It is always preferred that 2 sides resolve their issues on their own. But as history has shown us. When 1 side is much bigger than the other, the bigger companies know that the indys and SB's do not have the resources to challenge them, which means they now its their way or no way. Third party resolution is the neutralizer. Its the thing that could make talks between the 2 sides more productive. This is why I would support initiatives to bring binding third party resolution into this industry.


----------



## Gypsos (Apr 30, 2012)

Wannabe said:


> I think an apology is in order.


Yep. We need to keep our big boy pants on here and treat each other with respect, especially when we disagree.


----------



## GTX63 (Apr 12, 2012)

What do the Nationals currently stand to gain thru 3rd party mediation?

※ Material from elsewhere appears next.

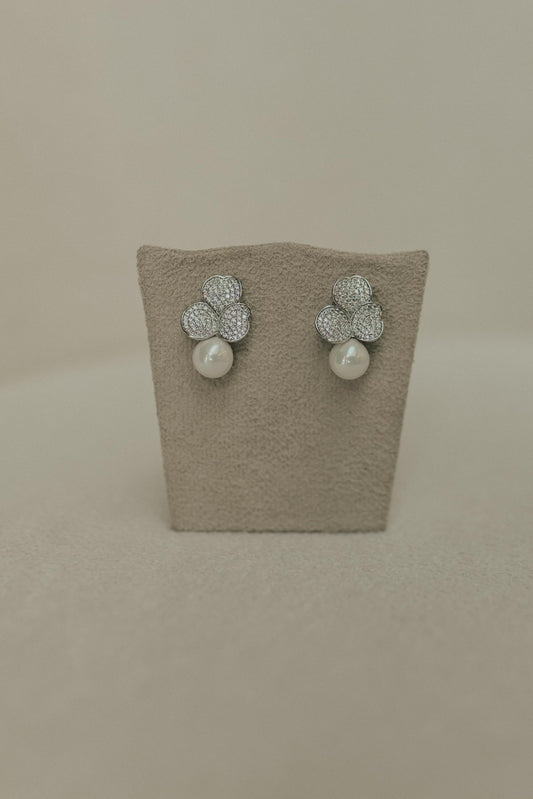 Brinco Mini Cravejado Pérola Ródio Branco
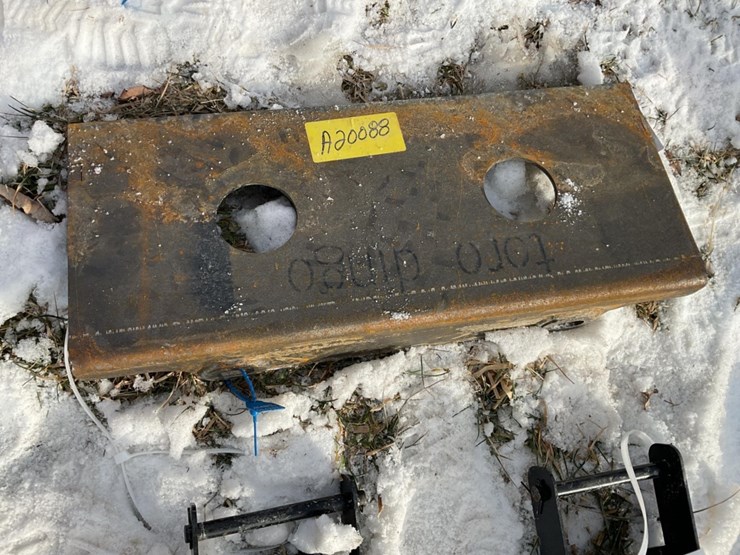 new-unused-giyi-toro-dingo-weldable-mini-skid-loader-mount-plate-image-1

The short of it is this, Pro organization/union/outside intervention will only take place after the fact, via legislation or the courts.


----------



## Cleanupman (Nov 23, 2012)

GTX63 said:


> What do the Nationals currently stand to gain thru 3rd party mediation?
> 
> The short of it is this, Pro organization/union/outside intervention will only take place after the fact, via legislation or the courts.


Unfortunately that is the drawback...

What actually worries me is that when any organization is willing to step in and help organize labor that proverbial red flag goes up the mast real fast and other agencies start looking at the industry...IRS...UEID etc...
let's face it...the PPI generates TRILLIONS of dollars and there is a tax base not currently being exploited for Obamacare...
That's what worries me more than conflict resolution....
However, I do believe the PPI needs better organization....hard to do when you have 95% of the employees in the industry thinking they are businesses...


----------



## Trey9007 (Nov 20, 2013)

GTX63 said:


> What do the Nationals currently stand to gain thru 3rd party mediation?
> 
> The short of it is this, Pro organization/union/outside intervention will only take place after the fact, via legislation or the courts.


One thing that needs to be pointed out is that labor unions are not 3rd partys. The union is you/us. Unions aren't people you hire and they do work for you. The union would be the same people here today. But with new powers. Labor organizations provide the resources workers need to achieve the goal of bargaining a good contract. IF things are to ever take a turn for the better, unionizing is one of a few options folks have.


----------



## Trey9007 (Nov 20, 2013)

Cleanupman said:


> Unfortunately that is the drawback...
> 
> What actually worries me is that when any organization is willing to step in and help organize labor that proverbial red flag goes up the mast real fast and other agencies start looking at the industry...IRS...UEID etc...
> let's face it...the PPI generates TRILLIONS of dollars and there is a tax base not currently being exploited for Obamacare...
> ...



Ain't that the truth. People who often: don't set their own prices, can't pay their subs until they get paid, don't have signed copies of the contracts they work under, .......are stuck on the idea that they are a business.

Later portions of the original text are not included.